Day 23 - Views and Modifiers - Part 2

1 Sept 2022

Although “immutable” the view structs can contain some control statements such as if/then and for loops. So this is quite legal, and useful.

struct ContentView: View { @State private var likesGreen = true

var body: some View {
    if likesGreen {
        Text("Hello World")
        .background(.green)
    }
    else
    {
        Text("Hello World")
        .background(.blue)
    }
}

}

But Paul cautions against this, saying:

You can often use regular if conditions to return different views based on some state, but this actually creates more work for SwiftUI – rather than seeing one Button being used with different colors, it now sees two different Button views, and when we flip the Boolean condition it will destroy one to create the other rather than just recolor what it has.
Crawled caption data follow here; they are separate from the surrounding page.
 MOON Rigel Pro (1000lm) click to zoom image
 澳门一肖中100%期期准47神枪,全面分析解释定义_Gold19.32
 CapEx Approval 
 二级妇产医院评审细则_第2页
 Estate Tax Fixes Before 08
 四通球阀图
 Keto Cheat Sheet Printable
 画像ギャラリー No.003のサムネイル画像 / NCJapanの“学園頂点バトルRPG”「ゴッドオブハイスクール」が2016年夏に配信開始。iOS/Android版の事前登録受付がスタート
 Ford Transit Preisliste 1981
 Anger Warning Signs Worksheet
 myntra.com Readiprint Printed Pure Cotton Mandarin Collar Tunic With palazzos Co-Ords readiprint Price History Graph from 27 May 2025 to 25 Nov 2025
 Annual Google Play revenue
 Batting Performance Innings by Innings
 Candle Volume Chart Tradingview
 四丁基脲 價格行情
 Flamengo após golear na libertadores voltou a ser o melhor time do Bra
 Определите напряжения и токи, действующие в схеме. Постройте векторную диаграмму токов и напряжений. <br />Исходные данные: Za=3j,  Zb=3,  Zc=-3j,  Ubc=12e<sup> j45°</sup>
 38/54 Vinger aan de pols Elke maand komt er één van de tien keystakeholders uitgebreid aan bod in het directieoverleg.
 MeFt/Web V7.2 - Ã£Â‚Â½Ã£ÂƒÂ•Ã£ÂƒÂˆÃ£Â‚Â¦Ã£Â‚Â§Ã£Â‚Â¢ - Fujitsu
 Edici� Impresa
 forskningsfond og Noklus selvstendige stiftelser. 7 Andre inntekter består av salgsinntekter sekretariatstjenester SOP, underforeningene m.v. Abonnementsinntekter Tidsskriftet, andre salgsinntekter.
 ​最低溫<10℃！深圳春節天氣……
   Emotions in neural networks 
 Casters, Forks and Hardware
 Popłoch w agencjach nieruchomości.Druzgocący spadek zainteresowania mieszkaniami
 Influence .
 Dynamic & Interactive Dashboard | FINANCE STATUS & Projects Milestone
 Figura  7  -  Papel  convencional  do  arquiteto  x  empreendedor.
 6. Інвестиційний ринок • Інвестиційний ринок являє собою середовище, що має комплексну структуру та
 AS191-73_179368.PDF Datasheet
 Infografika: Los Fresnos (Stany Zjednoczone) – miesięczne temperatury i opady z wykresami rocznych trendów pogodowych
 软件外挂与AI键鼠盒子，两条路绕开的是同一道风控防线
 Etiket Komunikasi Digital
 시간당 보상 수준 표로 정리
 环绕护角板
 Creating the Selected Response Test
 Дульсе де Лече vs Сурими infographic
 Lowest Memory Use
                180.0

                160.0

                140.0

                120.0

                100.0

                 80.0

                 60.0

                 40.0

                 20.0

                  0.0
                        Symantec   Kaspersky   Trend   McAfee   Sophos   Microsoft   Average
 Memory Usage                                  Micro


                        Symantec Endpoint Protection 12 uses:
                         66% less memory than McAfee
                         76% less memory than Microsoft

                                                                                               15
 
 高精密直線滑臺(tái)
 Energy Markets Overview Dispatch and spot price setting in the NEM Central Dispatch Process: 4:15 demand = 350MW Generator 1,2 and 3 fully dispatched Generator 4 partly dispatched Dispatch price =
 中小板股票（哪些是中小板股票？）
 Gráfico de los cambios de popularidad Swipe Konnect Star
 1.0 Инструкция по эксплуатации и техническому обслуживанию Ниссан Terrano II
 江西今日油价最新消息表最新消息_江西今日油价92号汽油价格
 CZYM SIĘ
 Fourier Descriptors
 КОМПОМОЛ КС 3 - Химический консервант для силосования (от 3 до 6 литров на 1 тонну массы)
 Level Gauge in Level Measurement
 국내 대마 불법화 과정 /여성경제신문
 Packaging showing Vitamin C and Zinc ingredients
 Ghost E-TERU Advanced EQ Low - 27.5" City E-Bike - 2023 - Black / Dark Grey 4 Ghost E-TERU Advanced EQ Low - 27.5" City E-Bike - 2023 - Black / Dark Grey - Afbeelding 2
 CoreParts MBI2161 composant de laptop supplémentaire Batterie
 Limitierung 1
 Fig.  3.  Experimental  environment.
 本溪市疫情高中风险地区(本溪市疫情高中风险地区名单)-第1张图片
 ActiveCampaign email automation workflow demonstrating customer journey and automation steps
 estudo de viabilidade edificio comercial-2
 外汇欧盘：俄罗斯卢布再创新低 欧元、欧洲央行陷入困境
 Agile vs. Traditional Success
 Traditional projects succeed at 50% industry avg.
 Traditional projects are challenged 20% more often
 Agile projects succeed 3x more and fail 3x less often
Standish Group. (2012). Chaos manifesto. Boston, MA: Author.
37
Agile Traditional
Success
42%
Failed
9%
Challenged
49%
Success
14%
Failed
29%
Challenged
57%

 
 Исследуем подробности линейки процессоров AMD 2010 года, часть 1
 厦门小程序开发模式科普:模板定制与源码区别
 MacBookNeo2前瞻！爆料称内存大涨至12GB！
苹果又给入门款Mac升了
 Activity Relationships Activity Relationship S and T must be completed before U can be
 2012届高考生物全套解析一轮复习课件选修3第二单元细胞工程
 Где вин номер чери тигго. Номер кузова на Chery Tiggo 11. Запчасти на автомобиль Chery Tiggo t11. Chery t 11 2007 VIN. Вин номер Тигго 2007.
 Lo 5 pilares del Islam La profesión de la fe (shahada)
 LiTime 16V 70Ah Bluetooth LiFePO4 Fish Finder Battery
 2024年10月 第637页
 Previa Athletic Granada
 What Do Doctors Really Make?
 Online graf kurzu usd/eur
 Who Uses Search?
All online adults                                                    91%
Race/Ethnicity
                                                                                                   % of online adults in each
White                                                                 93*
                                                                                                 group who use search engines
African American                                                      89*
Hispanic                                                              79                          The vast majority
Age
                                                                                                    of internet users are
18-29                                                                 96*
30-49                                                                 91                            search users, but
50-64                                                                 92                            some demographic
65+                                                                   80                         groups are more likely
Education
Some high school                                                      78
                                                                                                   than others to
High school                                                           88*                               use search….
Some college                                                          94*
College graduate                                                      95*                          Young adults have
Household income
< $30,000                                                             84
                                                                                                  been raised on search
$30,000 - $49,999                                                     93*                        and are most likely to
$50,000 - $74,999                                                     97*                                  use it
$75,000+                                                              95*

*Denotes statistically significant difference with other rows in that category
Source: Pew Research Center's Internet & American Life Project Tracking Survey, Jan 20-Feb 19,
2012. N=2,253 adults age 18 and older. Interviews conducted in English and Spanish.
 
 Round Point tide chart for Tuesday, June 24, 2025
Instead, he encourages the use of the ternary operator in modifiers for these situations. The ternary operator is like an if/then/else statement packaged up neatly. So the code above becomes:

struct ContentView: View { @State private var likesGreen = true

var body: some View {
    Text("Hello World")
        .background(likesGreen ? .green : .blue)
}

}

He’s not arguing that it’s neater, but also that it’s more efficient - that the first version has to destroy and create a Text when the value of the flag changes, whereas the second one just changes the colour. I assume he’s correct, but it’s not obvious why that would be so. It must be in the magic of how SwiftUI optimises how and when it renders each part of a view.